Several Democratic candidates were recently disqualified from running for state offices in Virginia.
Dumfries Town Council member Cydny Neville planned to run to represent Prince William County’s 52nd District in the House of Delegates, challenging longtime incumbent Luke Torian (D).
Neville filed some of her paperwork with the Prince William County Board of Elections. It had offered to pass it on to the Virginia Board of Elections.
Neville and others were told that their filings had been approved — and then she, along with eight other candidates, was told that their filing package was incomplete.
Worse yet, Neville and the other candidates were also denied a state-mandated 10-day extension to correct any irregularities to their paperwork.
By contrast, the current Delegate for the 52nd district Luke Torian was approved by the Board with no issues. Neville did not return multiple requests for comment for this story.
What’s more unusual is that such an extension is not typically denied, but things had changed, and it seemed that some were not made aware of these changes.
Richmond City Councilmember Mike Jones, who also wanted to run for state office, said the Board of Elections had decided unilaterally to not offer any extensions due to an overload of paperwork.
Jones, who had planned to run for Delegate for the 69th District, was disqualified and questions the validity of the Board’s decision on halting the extensions.
Jones also mentioned that the Board had contacted both the Democrat and Republican state parties about this decision. While there’s been no word on how this decision has affected candidates of the state GOP, it has caused issues with the Democratic party since Jones contends that his campaign and others were not notified of the decision.

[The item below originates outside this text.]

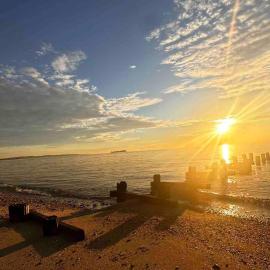 coastal and cozy beach stay, pet friendly, hotel v destinaci Milford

All of this comes as Prince William County Registrar Michele White resigned her position earlier this month. White, who had been hired to lead the office in Feb. 2015, posted her resignation after a closed-door session with the Prince William County Electoral Board.
According to Jones, he had been advised by his campaign manager to allow the Richmond registrar’s office to handle some of his filings since it was a usual thing to occur in Prince William County.
Keith Scarborough, who heads the Prince William County Electoral Board, said the county Office of Elections has no role in the process of qualifying for the House of Delegates. That process, according to Scarborough, is under the control of the Virginia Department of Elections and the State Board of Elections.